Crude oil prices settled higher on Wednesday, primarily driven by expectations of new U.S. and EU sanctions targeting Russian oil producers and an unexpectedly bullish EIA report showing significant draws in crude, gasoline, and distillate inventories. Further support stemmed from Ukrainian attacks on Russian refineries curbing exports and a preliminary US-China trade agreement. However, gains were partially offset by a strengthening dollar, the IEA's forecast for a record global oil surplus in 2026, anticipated OPEC+ production increases, and record-high U.S. crude output, presenting a mixed supply-demand outlook.

Analysis

Crude oil prices (CLZ25) closed up +0.55% on Wednesday, primarily driven by expectations of new U.S. and EU sanctions targeting Russian oil producers like Rosneft PJSC and Lukoil PJSC, aimed at curbing Russia's war financing.

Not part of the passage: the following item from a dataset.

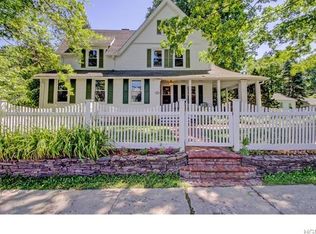 19 Orchard St, Pleasantville, NY 10570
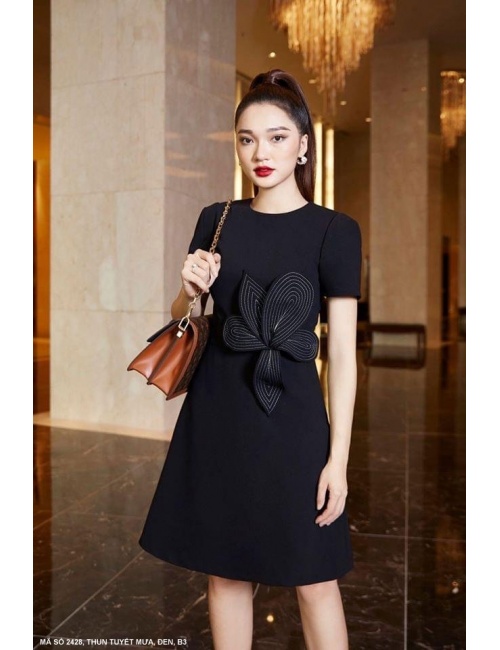 Đầm Tay Ngắn Eo Đính Bông Lớn May Chỉ Nổi Sang Trọng - 2428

This geopolitical pressure, combined with Ukrainian attacks reducing Russian seaborne fuel shipments to a 3.25-year low, signals tighter immediate supply. Further bullish impetus came from the weekly EIA report, which showed unexpected draws: crude inventories fell -6.86 million bbl, and gasoline supplies dropped -5.9 million bbl to an 11-month low. However, gains were partially offset by a strengthening dollar and rising domestic supply. US crude production reached an all-time high of 13.655 million bpd, and crude supplies at Cushing, the WTI delivery point, rose by +1.33 million bbl. These factors indicate a potential increase in available supply, tempering the impact of international disruptions. Looking forward, the market faces conflicting signals regarding long-term supply-demand balance. The IEA forecasted a record global oil surplus of 4.0 million bpd for 2026, while OPEC+ is expected to increase production by 137,000 bpd in December, aligning with market consensus. Investors should weigh the immediate geopolitical supply constraints against the backdrop of increasing global production capacity and potential future oversupply.